§ ACTIVITY
Key in the whole listing below again, keeping every word as it is.
Start of DATA LISTING
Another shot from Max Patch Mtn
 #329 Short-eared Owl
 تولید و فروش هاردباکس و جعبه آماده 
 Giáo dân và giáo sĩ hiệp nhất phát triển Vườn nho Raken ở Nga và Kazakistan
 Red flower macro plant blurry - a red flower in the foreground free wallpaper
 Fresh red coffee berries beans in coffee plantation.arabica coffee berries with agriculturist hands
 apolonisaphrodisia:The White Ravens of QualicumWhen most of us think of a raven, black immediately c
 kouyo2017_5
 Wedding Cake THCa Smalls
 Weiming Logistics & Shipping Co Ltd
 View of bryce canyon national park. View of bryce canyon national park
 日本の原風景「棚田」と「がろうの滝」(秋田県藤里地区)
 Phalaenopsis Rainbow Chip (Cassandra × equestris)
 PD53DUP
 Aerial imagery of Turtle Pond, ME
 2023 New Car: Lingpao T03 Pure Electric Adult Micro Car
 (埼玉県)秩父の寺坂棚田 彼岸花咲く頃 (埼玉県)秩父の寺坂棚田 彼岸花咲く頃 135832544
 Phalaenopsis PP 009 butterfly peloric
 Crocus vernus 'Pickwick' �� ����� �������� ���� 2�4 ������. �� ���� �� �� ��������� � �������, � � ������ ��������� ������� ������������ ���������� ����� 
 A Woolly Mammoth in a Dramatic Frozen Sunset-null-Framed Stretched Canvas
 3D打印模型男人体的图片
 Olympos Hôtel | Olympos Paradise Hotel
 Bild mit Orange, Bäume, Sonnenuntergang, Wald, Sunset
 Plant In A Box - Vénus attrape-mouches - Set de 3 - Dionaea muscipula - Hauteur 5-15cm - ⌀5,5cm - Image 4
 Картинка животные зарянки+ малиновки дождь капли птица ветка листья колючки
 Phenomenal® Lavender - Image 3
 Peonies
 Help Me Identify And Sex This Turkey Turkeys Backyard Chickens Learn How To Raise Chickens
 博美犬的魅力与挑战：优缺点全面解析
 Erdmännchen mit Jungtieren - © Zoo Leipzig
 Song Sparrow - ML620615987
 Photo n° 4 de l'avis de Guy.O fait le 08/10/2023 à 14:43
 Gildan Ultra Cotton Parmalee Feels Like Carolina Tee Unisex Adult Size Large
End of DATA LISTING
§ SOLUTION
Another shot from Max Patch Mtn
 #329 Short-eared Owl
 تولید و فروش هاردباکس و جعبه آماده 
 Giáo dân và giáo sĩ hiệp nhất phát triển Vườn nho Raken ở Nga và Kazakistan
 Red flower macro plant blurry - a red flower in the foreground free wallpaper
 Fresh red coffee berries beans in coffee plantation.arabica coffee berries with agriculturist hands
 apolonisaphrodisia:The White Ravens of QualicumWhen most of us think of a raven, black immediately c
 kouyo2017_5
 Wedding Cake THCa Smalls
 Weiming Logistics & Shipping Co Ltd
 View of bryce canyon national park. View of bryce canyon national park
 日本の原風景「棚田」と「がろうの滝」(秋田県藤里地区)
 Phalaenopsis Rainbow Chip (Cassandra × equestris)
 PD53DUP
 Aerial imagery of Turtle Pond, ME
 2023 New Car: Lingpao T03 Pure Electric Adult Micro Car
 (埼玉県)秩父の寺坂棚田 彼岸花咲く頃 (埼玉県)秩父の寺坂棚田 彼岸花咲く頃 135832544
 Phalaenopsis PP 009 butterfly peloric
 Crocus vernus 'Pickwick' �� ����� �������� ���� 2�4 ������. �� ���� �� �� ��������� � �������, � � ������ ��������� ������� ������������ ���������� ����� 
 A Woolly Mammoth in a Dramatic Frozen Sunset-null-Framed Stretched Canvas
 3D打印模型男人体的图片
 Olympos Hôtel | Olympos Paradise Hotel
 Bild mit Orange, Bäume, Sonnenuntergang, Wald, Sunset
 Plant In A Box - Vénus attrape-mouches - Set de 3 - Dionaea muscipula - Hauteur 5-15cm - ⌀5,5cm - Image 4
 Картинка животные зарянки+ малиновки дождь капли птица ветка листья колючки
 Phenomenal® Lavender - Image 3
 Peonies
 Help Me Identify And Sex This Turkey Turkeys Backyard Chickens Learn How To Raise Chickens
 博美犬的魅力与挑战：优缺点全面解析
 Erdmännchen mit Jungtieren - © Zoo Leipzig
 Song Sparrow - ML620615987
 Photo n° 4 de l'avis de Guy.O fait le 08/10/2023 à 14:43
 Gildan Ultra Cotton Parmalee Feels Like Carolina Tee Unisex Adult Size Large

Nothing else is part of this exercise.